With all the lakes in our area it is surprising that no new shop has opened but I guess, the profit margin is pretty slim.


----------



## Fishindude (May 19, 2015)

Seriously .... how much $$ are you gonna make off the average guy coming in to buy a little live bait, etc.?
Tough business.


----------



## Snowfan (Nov 6, 2011)

Oh, I know there's no money in an old fashion bait shop. It's a by-gone era. But they sure do hold great memories in my mind. I don't often use live bait but it's much easier to throw out a minnow trap or a leach trap or dig up some crawlers. I can't think of any more than 3 bait shops within 40 miles of me and I live in the land of 10,000 lakes. Maybe if I win the lottery, I'll open up a bait shop just to keep busy and throw money away.


----------



## GREENCOUNTYPETE (Jul 25, 2006)

30 foot pole to the river 

walk , or roof rack 
back when cars had gutters roof racks were easy to mount 

I see people with canoes hanging way out the back of a truck bed these days , seems no one knows how to build a simple canoe rack that sits in the stake pockets a few 2x4 and a saw and a half hour and you have removable canoe rack for the truck then all the camping gear fits in the bed.

heck google images of canoe rack and it is just entertaining


----------



## alleyyooper (Apr 22, 2005)

I learned when I was a pup a dozen crawlers were expencive and today I am 73 so gives an Idea when I was a pup. I learned how to harvest crawlers by the 100's keep them and make a little jingle from selling them them.
Today I have my home made crawler box ready to use if I want to start useing crawlers again.
I also bought a minnow trap and learned just how to place it to catch a days worth of minnows to use when we were fishing Canada regular where there were no bait shops. 

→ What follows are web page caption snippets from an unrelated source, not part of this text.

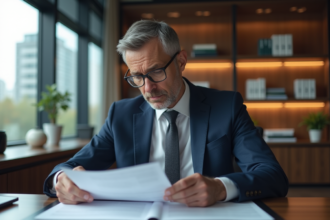 Homme d'affaires en costume bleu dans un bureau moderne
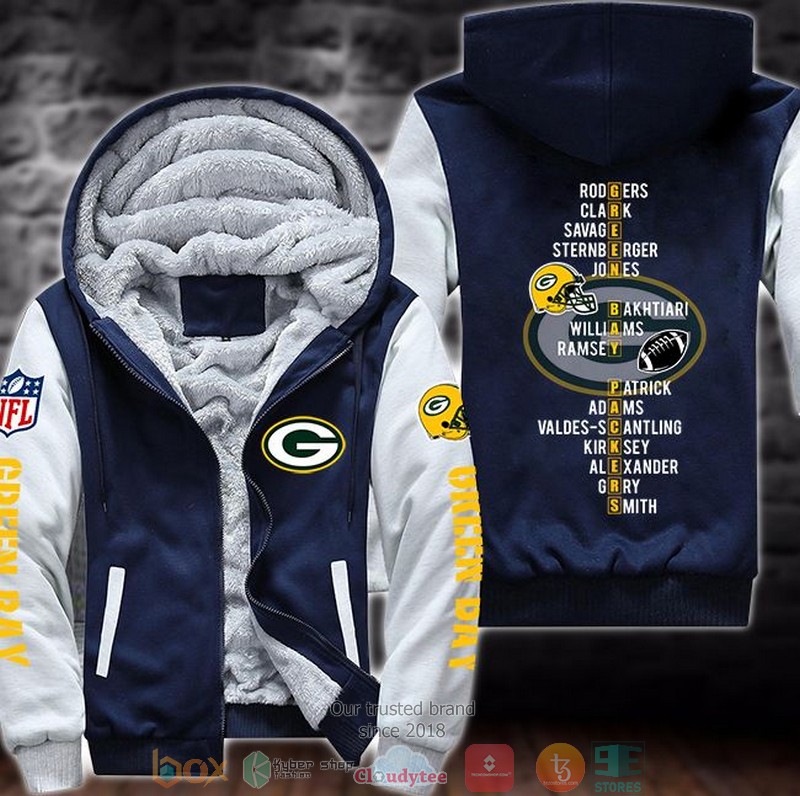 NFL Green Bay Packers Players name 3d fleece hoodie jacket 3 NFL Green Bay Packers Players name 3d fleece hoodie jacket word2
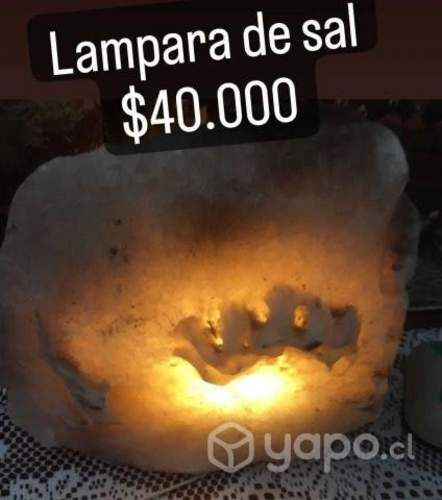 Pizarra y lámparas de sal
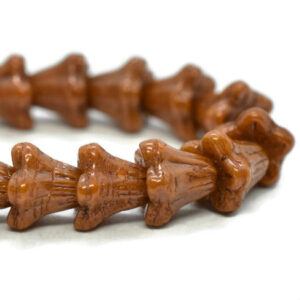 5x6mm Czech Bell Flower Beads Metallic Burnt Orange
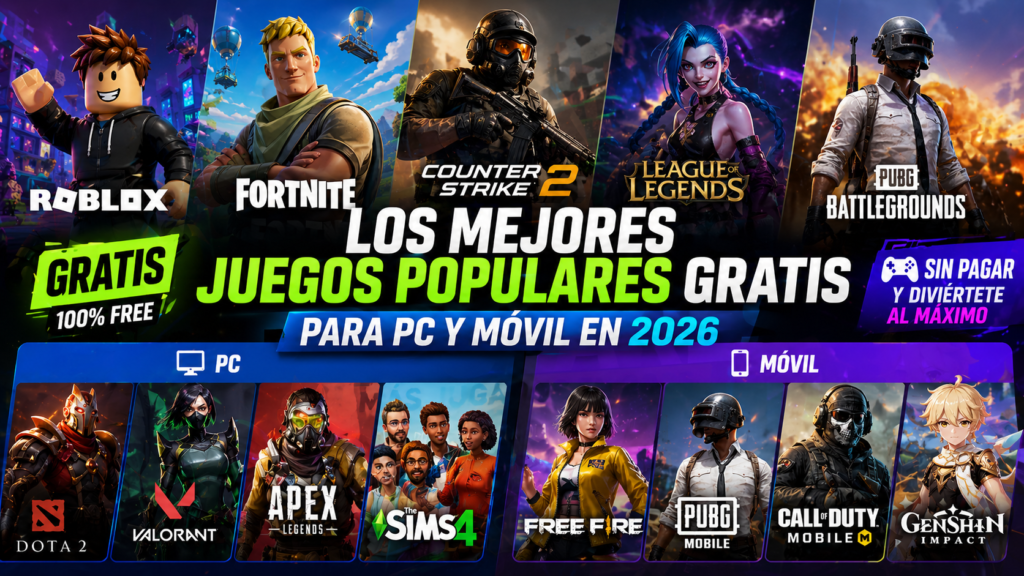 Juegos populares gratis para PC y móvil en 2026 con mando, celular y pantalla gamer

Traveling and spending two weeks far from a building let alone a bait shop with live crawlers is easy if you learn a few simple things. Keep them moist, keep them cool, and a little feed to keep them happy.
I used a old cooler started with shredded paper a month before the trip. Kept filling it with kitchen scraps of veggies, like celery leaves, cauliflower and others veggies. Kept the cooler in the basement.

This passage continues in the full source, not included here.